Wednesday, November 16, 2016

Ride-Sharing For Pilots Is No Flight Of Fancy

A Supreme Court decision to review Flytenow v. FAA could make airplane flight-sharing an option for Americans.


By Jonathan Riches and Thomas P. Gross
The Wall Street Journal
November 16, 2016

From Uber to Airbnb, the “sharing economy” is revolutionizing industries by letting companies connect directly with consumers. If the Supreme Court decides to review Flytenow v. FAA, Americans could benefit from cost-sharing in the airline industry.

In late 2014 the Federal Aviation Administration banned private pilots from communicating travel plans and sharing flight expenses over the internet. That order shut down Flytenow, a startup that connected pilots and cost-sharing passengers online.

Around the same time, the European Aviation Safety Agency found compelling reasons to allow the very same cost-sharing operations in Europe. On Aug. 26, the agency authorized cost-sharing for general aviation flights in 32 countries. At least two companies similar to Flytenow, called Wingly and Off We Fly, now operate in the European Union.

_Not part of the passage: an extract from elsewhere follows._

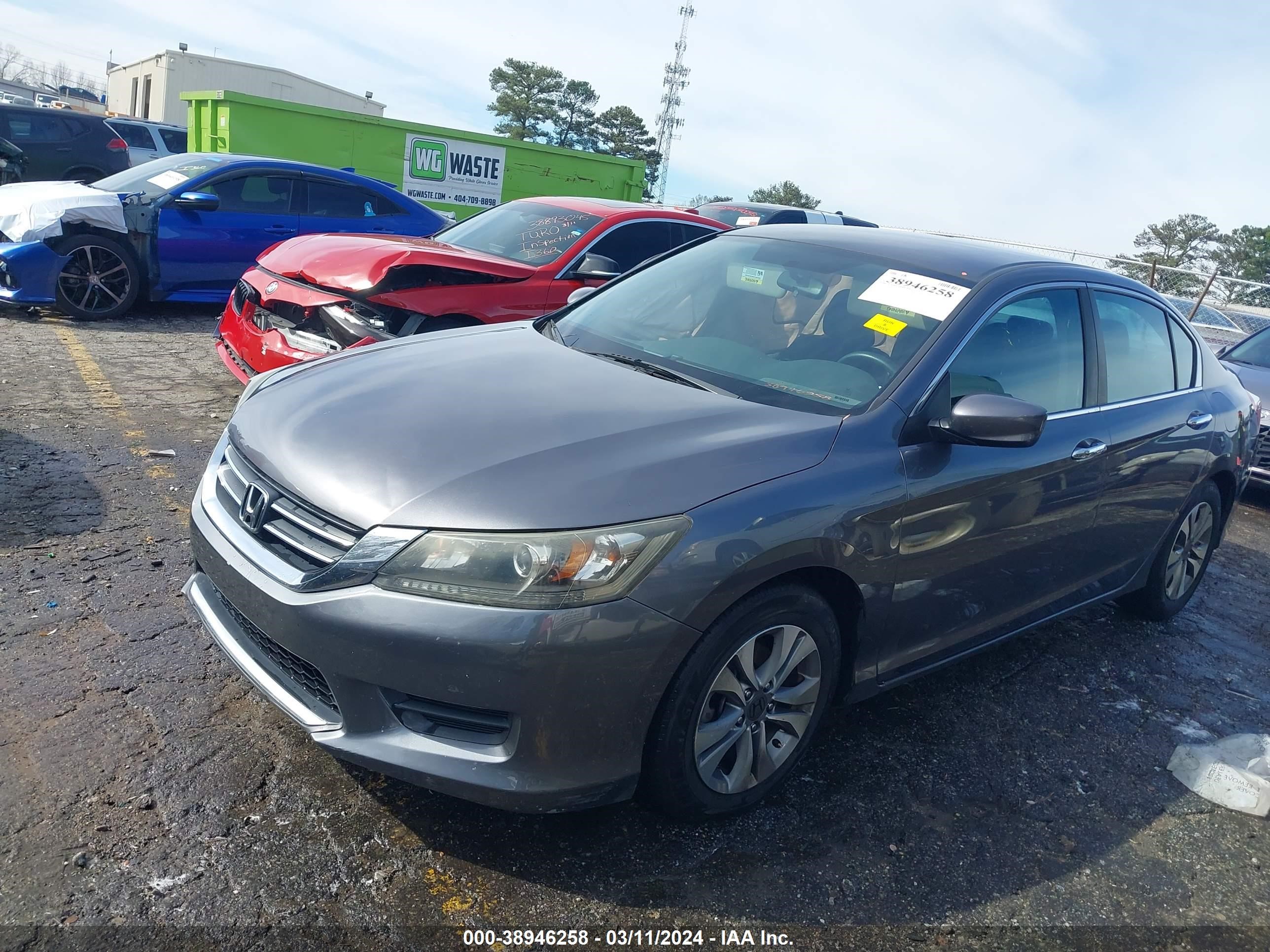 Photo 1 VIN: 1HGCR2F30FA207721 - HONDA ACCORD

In American aviation, cost-sharing isn’t a new thing. For over 50 years the FAA has allowed pilots and passengers to communicate about cost-sharing via email and phone as well as by posting notices on airport bulletin boards.

With seed money from Silicon Valley, Flytenow brought that practice into the digital age. And it was working until the FAA shut down the startup. The agency claimed that if a private pilot flying a four-passenger airplane used Flytenow to communicate travel plans and find people to share his expenses, that pilot should be regulated as a commercial flight operation.

Yet the FAA ignored a key difference between commercial and general aviation: Commercial pilots provide services to the public for profit; Flytenow pilots merely share expenses. By regulation, flight-sharing pilots must pay at least a pro rata share of flight expenses, so they can never earn a profit. The FAA’s conclusion also missed that pilots have a First Amendment right to communicate their noncommercial travel plans with others, even over the internet.

The FAA’s job is to ensure safety. Yet its rationale for deeming Flytenow dangerous is based on pre-internet policies. Web-based flight-sharing arrangements, where pilots are screened, and their experience and credentials are displayed for potential passengers, are actually safer than simply posting flight times on an airport bulletin board.

The Goldwater Institute challenged the FAA’s legal interpretation on behalf of Flytenow and the Supreme Court is expected to decide within the next few weeks whether to review the case. Meanwhile, the House Transportation and Infrastructure Committee has passed an amendment to its FAA reauthorization bill that would authorize web-facilitated flight sharing.

The Flytenow case presents an opportunity for the Supreme Court and Congress to say consumers and service providers should be free to choose which innovations work for them. If Europe can ensure the safety of these tech innovations, then so can the U.S.